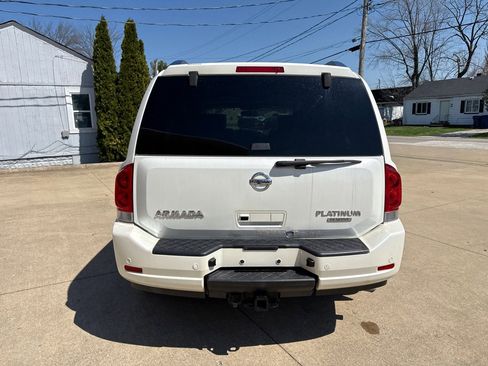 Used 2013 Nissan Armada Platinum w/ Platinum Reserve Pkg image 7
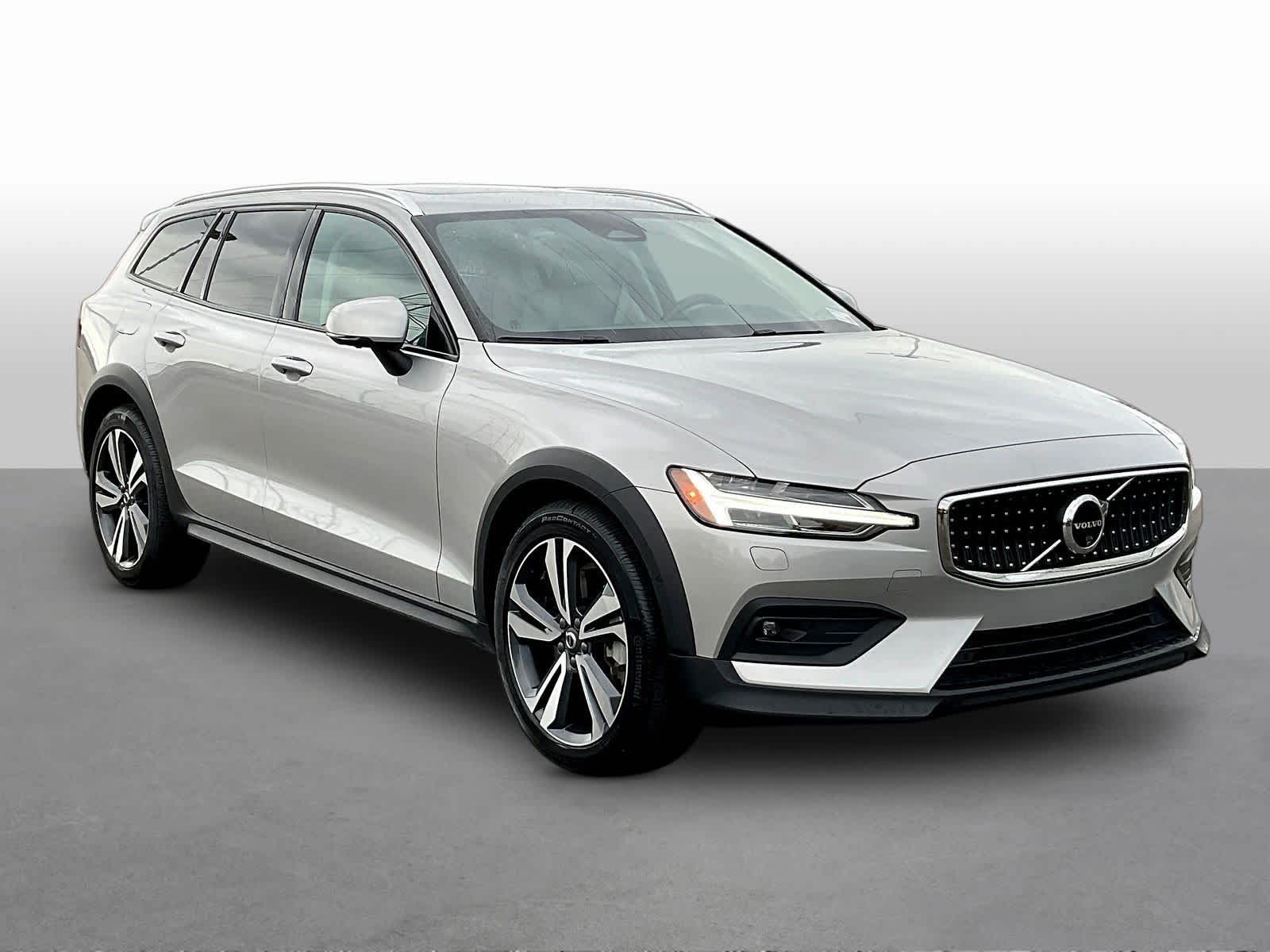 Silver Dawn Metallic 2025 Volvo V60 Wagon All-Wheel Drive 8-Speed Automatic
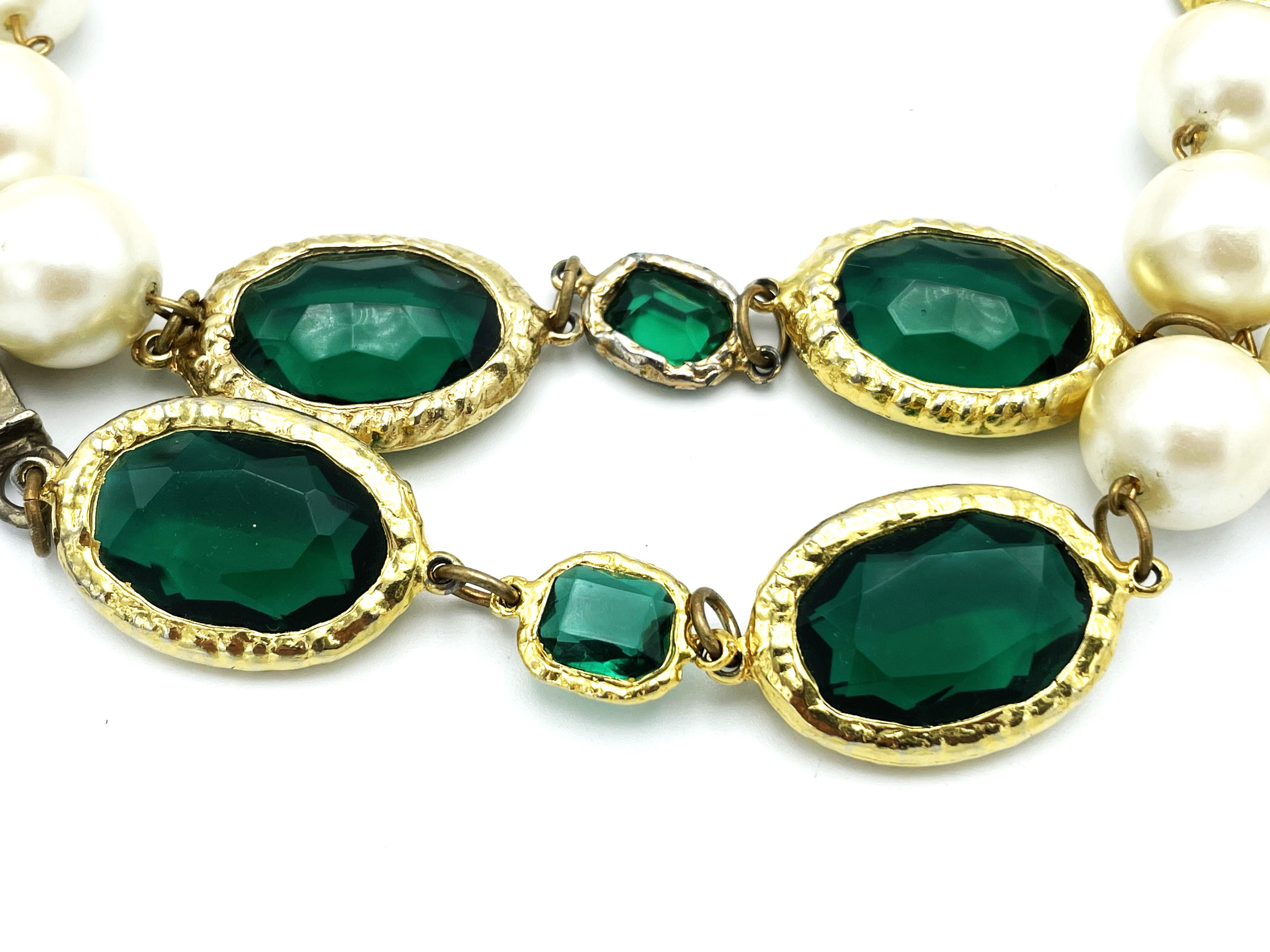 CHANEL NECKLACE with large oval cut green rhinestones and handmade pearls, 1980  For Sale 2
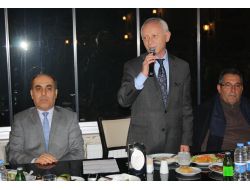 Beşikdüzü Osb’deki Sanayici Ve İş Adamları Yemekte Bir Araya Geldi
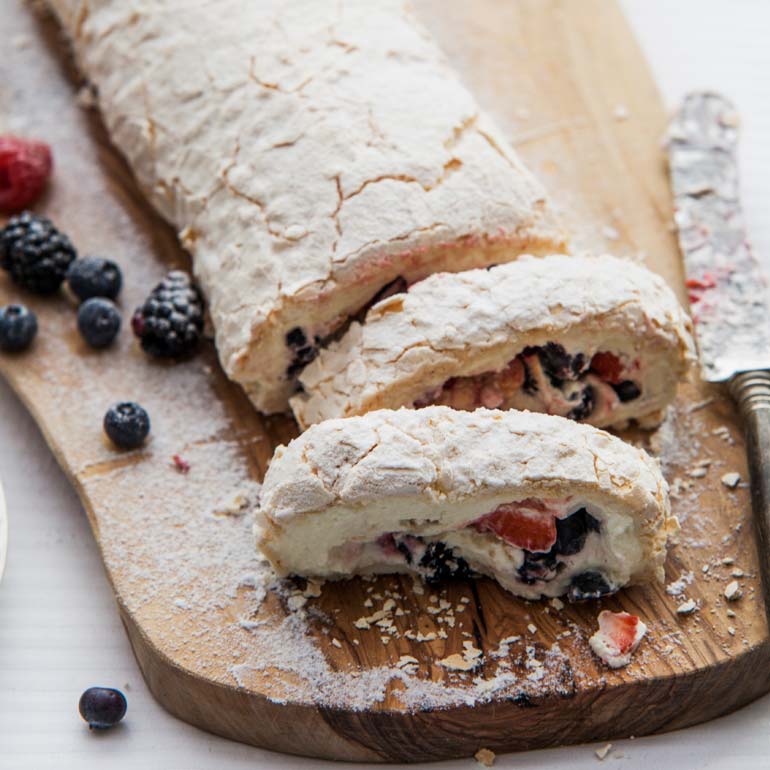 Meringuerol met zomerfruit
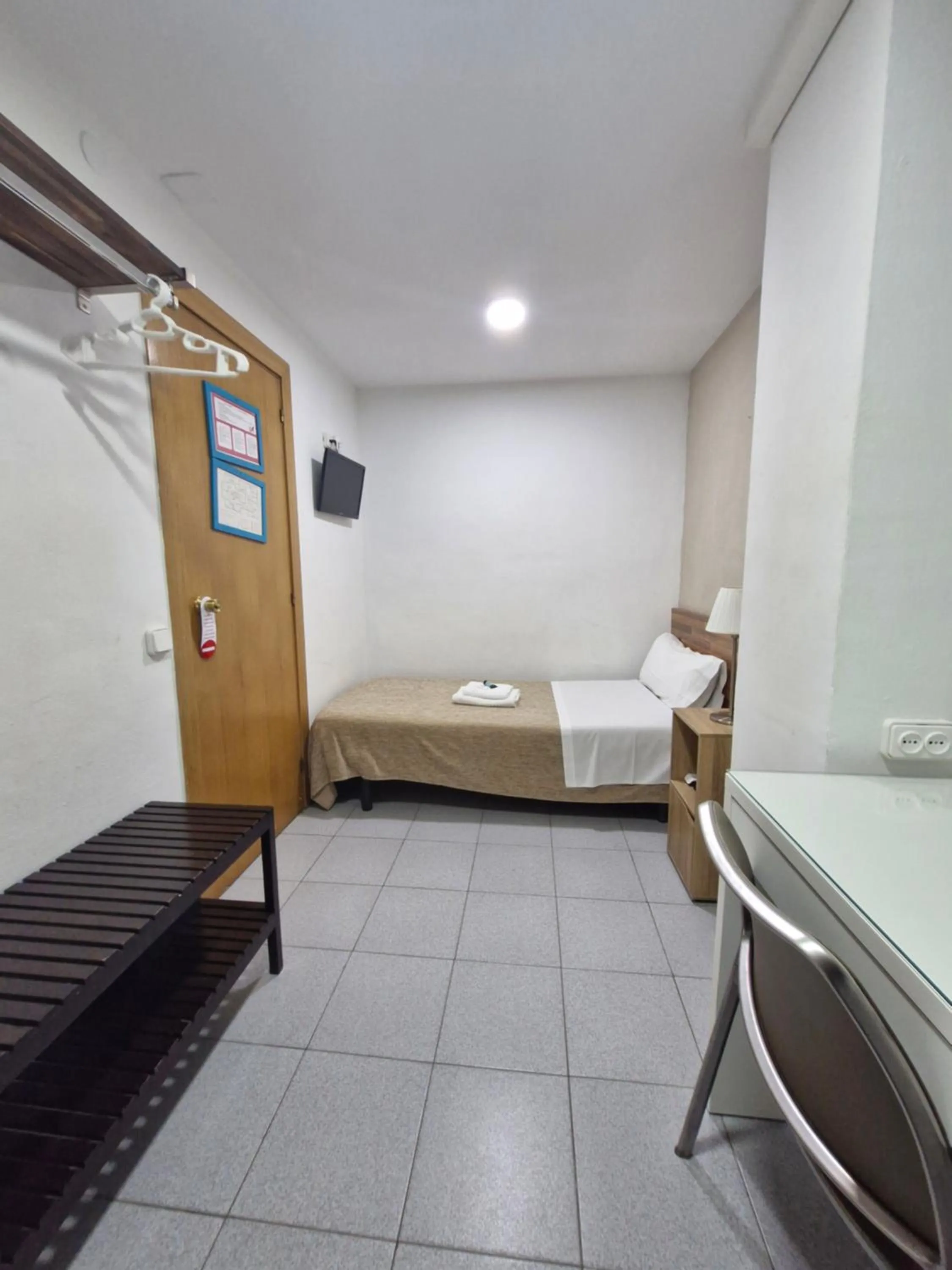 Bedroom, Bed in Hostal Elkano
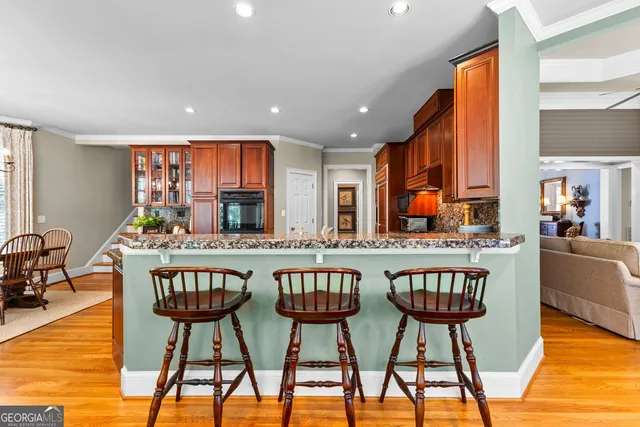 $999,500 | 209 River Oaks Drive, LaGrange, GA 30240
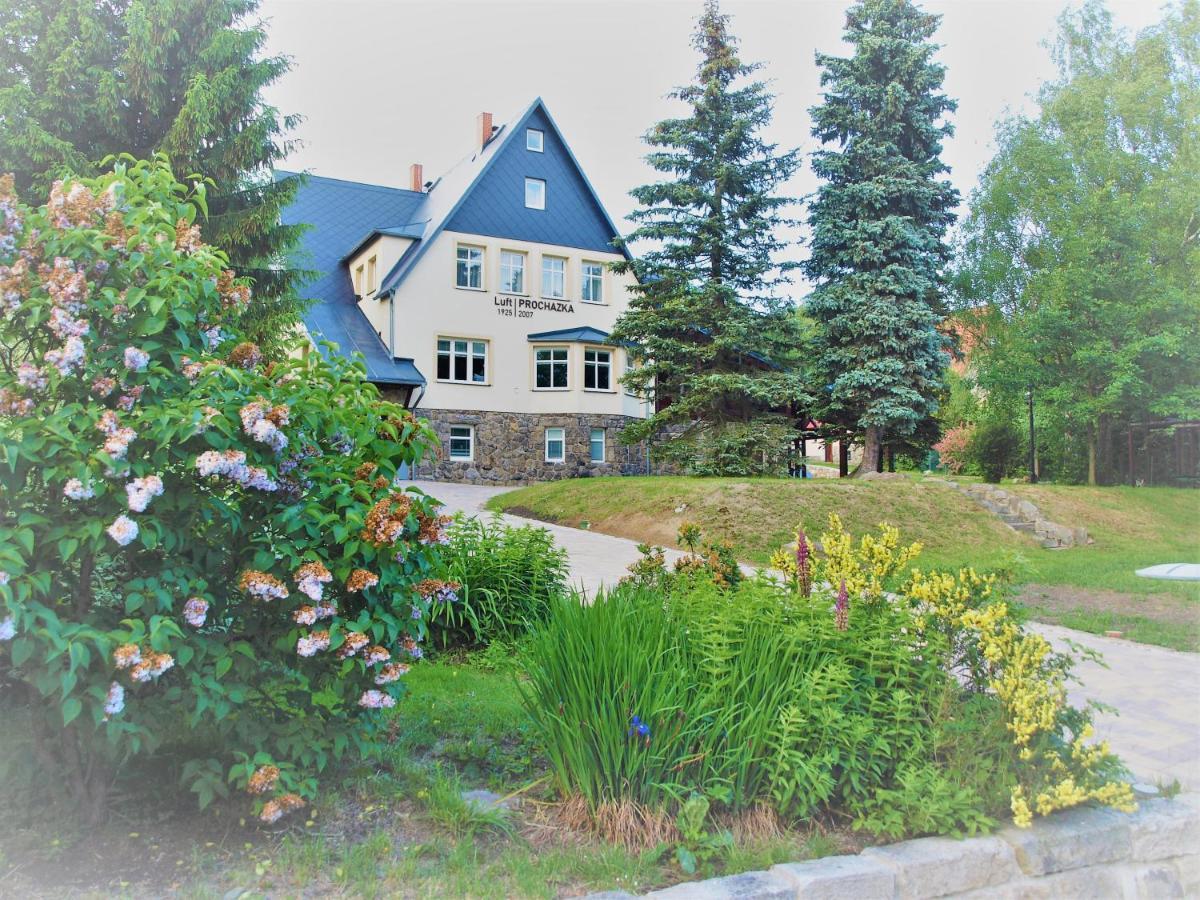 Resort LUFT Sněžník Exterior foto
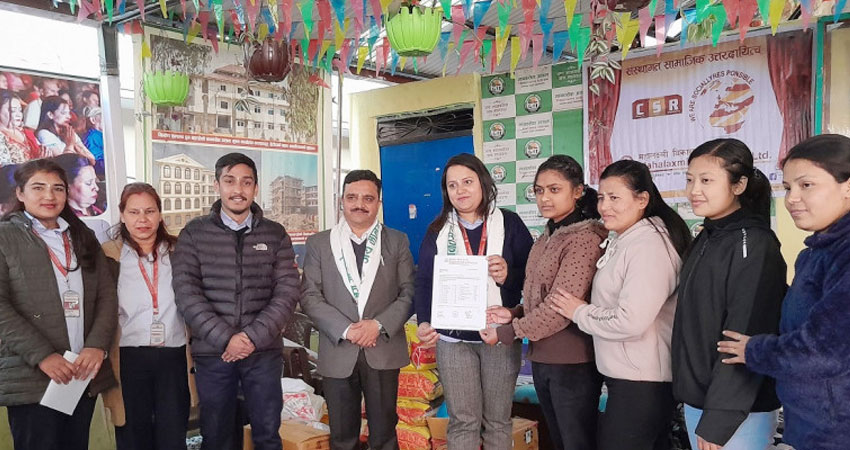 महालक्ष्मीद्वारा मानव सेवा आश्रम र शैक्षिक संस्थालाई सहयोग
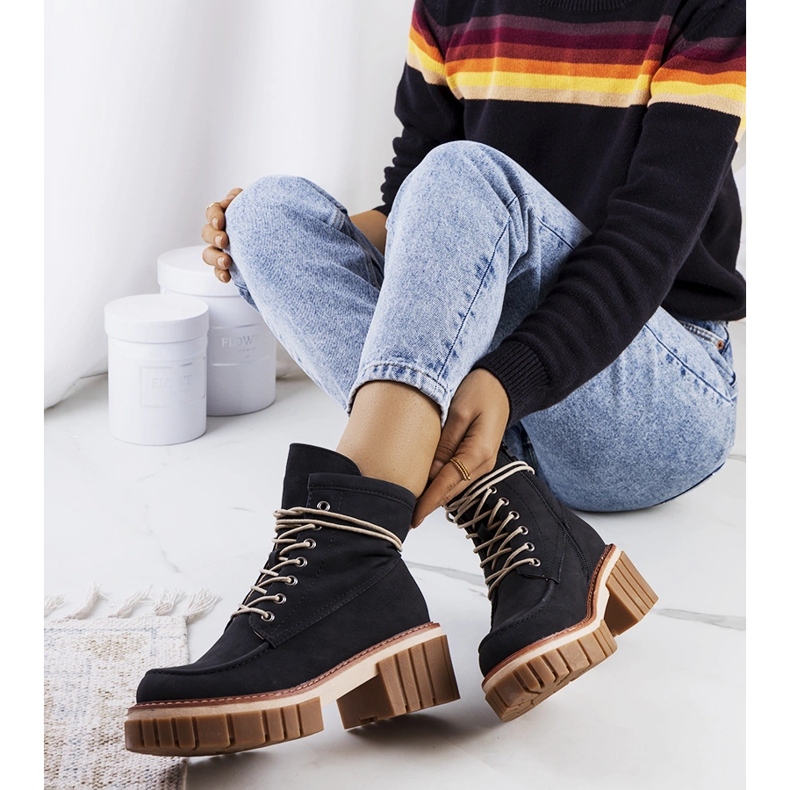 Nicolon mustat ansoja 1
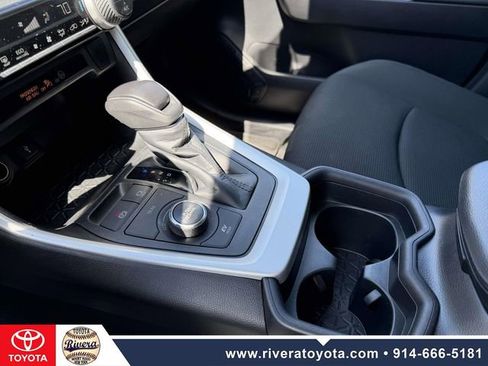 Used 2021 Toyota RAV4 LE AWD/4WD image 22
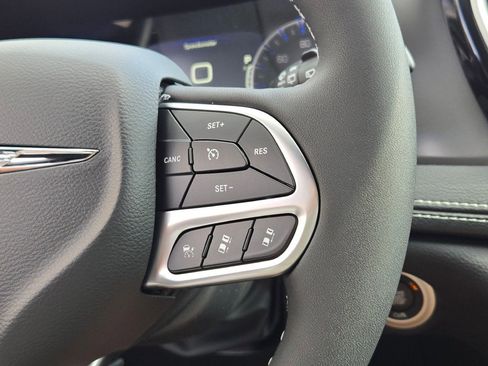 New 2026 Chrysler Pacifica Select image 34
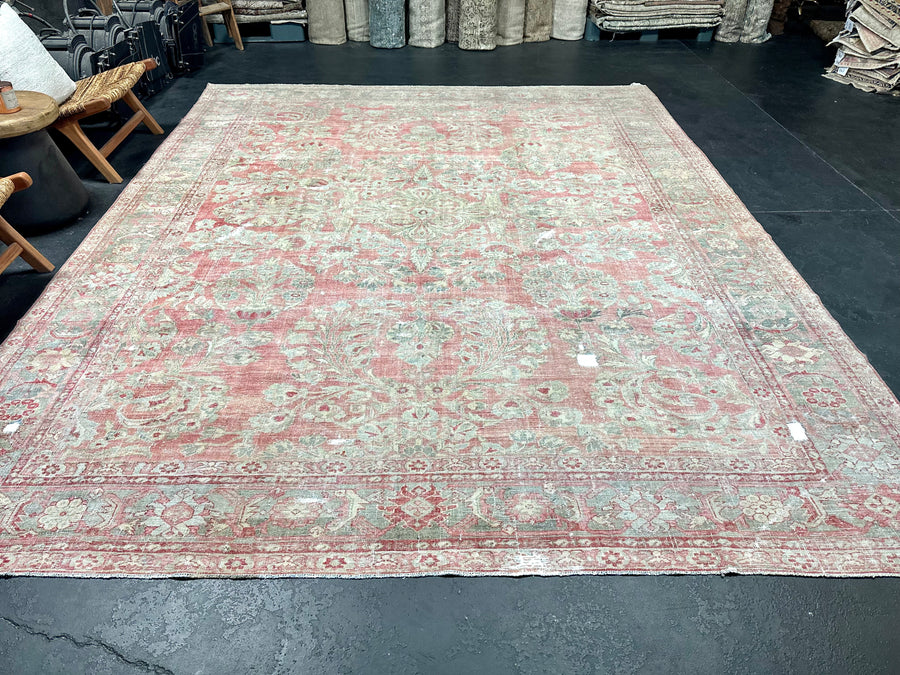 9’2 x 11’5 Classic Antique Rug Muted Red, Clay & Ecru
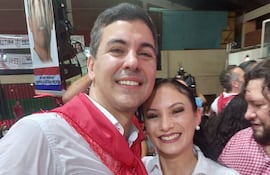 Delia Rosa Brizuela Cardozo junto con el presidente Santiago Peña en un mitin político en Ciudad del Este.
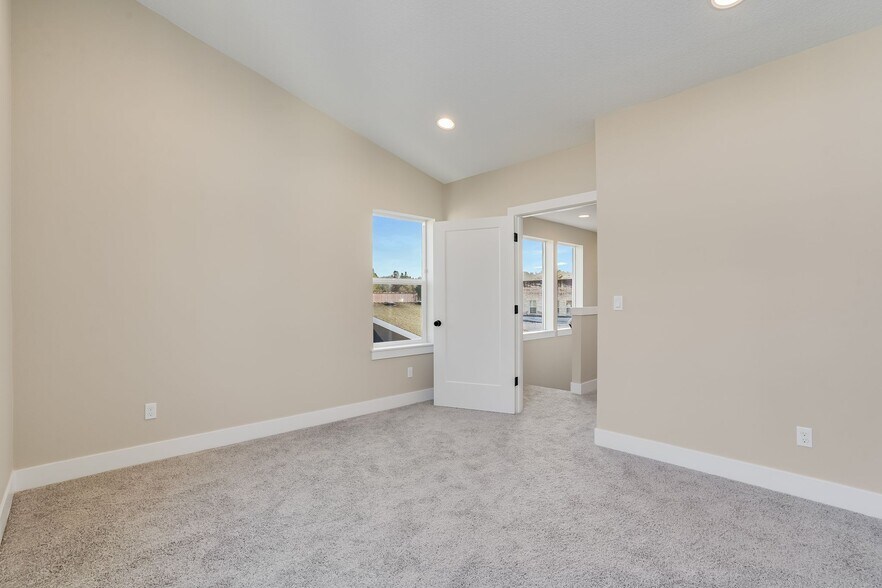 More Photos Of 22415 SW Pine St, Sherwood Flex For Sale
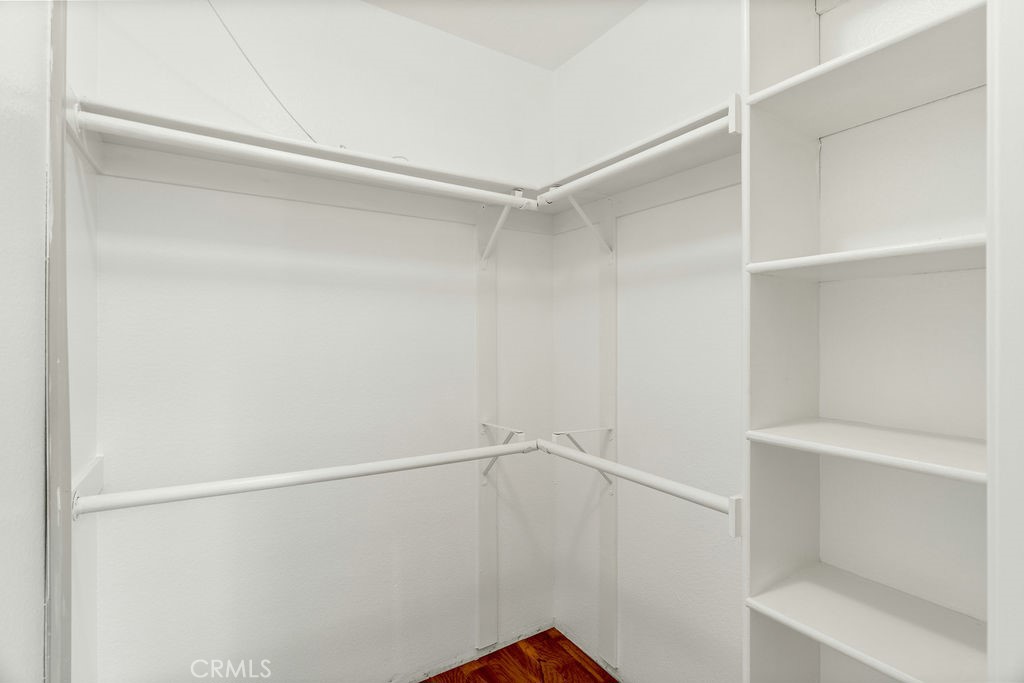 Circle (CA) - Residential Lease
···
▶ **Prompt**
Return exactly the lines of the material above, starting at the line containing "Beşikdüzü Osb’deki Sanayici" and finishing at the line containing "Resort LUFT Sněžník Exterior foto", without any pictures.

▶ **Completed task**
 Beşikdüzü Osb’deki Sanayici Ve İş Adamları Yemekte Bir Araya Geldi
 Meringuerol met zomerfruit
 Bedroom, Bed in Hostal Elkano
 $999,500 | 209 River Oaks Drive, LaGrange, GA 30240
 Resort LUFT Sněžník Exterior foto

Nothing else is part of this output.